Problem details -> Retype, word for word, every line from the one holding "Banana on sourdough" through the one holding "ラダーの複雑な回路図から解放" in the entries below, both included, and only those lines.

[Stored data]
━━━━
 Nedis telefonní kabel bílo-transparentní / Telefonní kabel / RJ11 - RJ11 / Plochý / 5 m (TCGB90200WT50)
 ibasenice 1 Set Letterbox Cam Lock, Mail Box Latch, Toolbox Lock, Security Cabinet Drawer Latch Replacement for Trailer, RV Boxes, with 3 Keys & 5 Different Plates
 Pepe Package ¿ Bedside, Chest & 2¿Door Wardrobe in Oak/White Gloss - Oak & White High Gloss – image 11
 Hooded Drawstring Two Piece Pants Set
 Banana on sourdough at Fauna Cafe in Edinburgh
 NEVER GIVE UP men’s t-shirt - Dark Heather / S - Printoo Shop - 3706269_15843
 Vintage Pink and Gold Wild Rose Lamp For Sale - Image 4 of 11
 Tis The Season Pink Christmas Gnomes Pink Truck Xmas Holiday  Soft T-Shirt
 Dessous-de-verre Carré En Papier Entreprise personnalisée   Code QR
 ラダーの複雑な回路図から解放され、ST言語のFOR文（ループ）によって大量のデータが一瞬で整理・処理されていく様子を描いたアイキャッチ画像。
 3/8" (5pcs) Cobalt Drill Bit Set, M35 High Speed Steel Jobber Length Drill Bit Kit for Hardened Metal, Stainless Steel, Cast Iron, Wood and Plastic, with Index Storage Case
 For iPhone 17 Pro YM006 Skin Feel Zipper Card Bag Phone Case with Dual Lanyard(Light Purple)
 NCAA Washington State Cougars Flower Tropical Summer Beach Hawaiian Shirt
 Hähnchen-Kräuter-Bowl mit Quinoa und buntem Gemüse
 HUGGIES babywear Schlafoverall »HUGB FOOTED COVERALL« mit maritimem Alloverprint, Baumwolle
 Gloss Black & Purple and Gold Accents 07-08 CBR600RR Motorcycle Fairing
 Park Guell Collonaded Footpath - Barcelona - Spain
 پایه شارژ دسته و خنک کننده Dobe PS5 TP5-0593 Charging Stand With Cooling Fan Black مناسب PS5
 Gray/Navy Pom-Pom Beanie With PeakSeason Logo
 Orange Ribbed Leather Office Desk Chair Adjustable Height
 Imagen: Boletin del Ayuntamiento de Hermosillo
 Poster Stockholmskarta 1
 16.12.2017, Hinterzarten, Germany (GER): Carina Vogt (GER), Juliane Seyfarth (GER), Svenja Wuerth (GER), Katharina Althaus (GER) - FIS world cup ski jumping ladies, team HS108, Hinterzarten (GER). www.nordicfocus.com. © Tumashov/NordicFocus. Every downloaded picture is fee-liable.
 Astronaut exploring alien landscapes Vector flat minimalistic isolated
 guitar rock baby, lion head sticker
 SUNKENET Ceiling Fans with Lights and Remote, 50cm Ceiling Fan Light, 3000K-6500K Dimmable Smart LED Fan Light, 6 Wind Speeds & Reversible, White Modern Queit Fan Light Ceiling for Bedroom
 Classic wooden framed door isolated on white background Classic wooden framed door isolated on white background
━━━━
Expected output ->
 Banana on sourdough at Fauna Cafe in Edinburgh
 NEVER GIVE UP men’s t-shirt - Dark Heather / S - Printoo Shop - 3706269_15843
 Vintage Pink and Gold Wild Rose Lamp For Sale - Image 4 of 11
 Tis The Season Pink Christmas Gnomes Pink Truck Xmas Holiday  Soft T-Shirt
 Dessous-de-verre Carré En Papier Entreprise personnalisée   Code QR
 ラダーの複雑な回路図から解放され、ST言語のFOR文（ループ）によって大量のデータが一瞬で整理・処理されていく様子を描いたアイキャッチ画像。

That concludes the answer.